━━ INPUT ━━

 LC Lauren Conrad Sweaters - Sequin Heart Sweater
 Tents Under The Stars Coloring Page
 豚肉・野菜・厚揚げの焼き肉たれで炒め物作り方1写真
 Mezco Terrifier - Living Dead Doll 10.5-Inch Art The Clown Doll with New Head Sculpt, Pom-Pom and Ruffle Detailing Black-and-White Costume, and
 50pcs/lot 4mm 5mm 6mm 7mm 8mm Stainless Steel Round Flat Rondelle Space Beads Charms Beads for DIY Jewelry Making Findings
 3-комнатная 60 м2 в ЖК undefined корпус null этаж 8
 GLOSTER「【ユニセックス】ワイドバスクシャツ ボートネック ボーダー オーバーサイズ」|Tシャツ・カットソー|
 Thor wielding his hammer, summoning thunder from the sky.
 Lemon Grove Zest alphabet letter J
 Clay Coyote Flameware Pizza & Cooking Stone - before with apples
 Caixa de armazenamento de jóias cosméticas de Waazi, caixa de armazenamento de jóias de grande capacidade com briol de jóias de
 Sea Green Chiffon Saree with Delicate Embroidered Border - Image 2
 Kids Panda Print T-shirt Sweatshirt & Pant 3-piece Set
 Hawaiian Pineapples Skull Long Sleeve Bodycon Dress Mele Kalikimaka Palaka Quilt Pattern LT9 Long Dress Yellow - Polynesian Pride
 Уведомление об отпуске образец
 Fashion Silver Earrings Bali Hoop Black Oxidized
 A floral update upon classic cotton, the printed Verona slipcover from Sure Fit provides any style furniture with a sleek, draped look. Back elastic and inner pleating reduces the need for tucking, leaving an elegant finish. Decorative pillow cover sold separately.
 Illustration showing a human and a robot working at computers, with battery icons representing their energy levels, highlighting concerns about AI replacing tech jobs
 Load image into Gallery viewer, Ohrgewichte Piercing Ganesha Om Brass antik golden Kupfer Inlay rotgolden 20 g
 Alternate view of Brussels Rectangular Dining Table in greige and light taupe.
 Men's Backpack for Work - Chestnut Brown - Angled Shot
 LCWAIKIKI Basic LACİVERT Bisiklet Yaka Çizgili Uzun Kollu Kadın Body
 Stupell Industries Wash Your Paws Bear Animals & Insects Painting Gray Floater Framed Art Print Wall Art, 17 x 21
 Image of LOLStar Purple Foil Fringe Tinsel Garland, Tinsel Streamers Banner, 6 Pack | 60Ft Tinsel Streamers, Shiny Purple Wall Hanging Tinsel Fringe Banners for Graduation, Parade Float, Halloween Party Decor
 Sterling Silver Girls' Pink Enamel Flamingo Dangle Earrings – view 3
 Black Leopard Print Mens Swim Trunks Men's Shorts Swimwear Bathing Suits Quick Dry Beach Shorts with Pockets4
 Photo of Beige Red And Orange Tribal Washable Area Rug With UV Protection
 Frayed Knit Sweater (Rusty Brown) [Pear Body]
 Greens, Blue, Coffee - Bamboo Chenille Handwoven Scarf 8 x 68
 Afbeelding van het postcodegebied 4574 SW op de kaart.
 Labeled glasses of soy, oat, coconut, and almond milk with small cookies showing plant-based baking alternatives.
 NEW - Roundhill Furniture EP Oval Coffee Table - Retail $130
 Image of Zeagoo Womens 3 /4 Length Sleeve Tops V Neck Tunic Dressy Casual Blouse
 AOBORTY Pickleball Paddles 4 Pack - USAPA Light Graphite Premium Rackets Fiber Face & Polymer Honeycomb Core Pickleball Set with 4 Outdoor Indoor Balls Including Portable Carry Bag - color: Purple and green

━━━

_WORK REQUEST_
Find how many lines of the preceding data contain "from", and answer with that number only.

_REPLY TO THE TASK_
2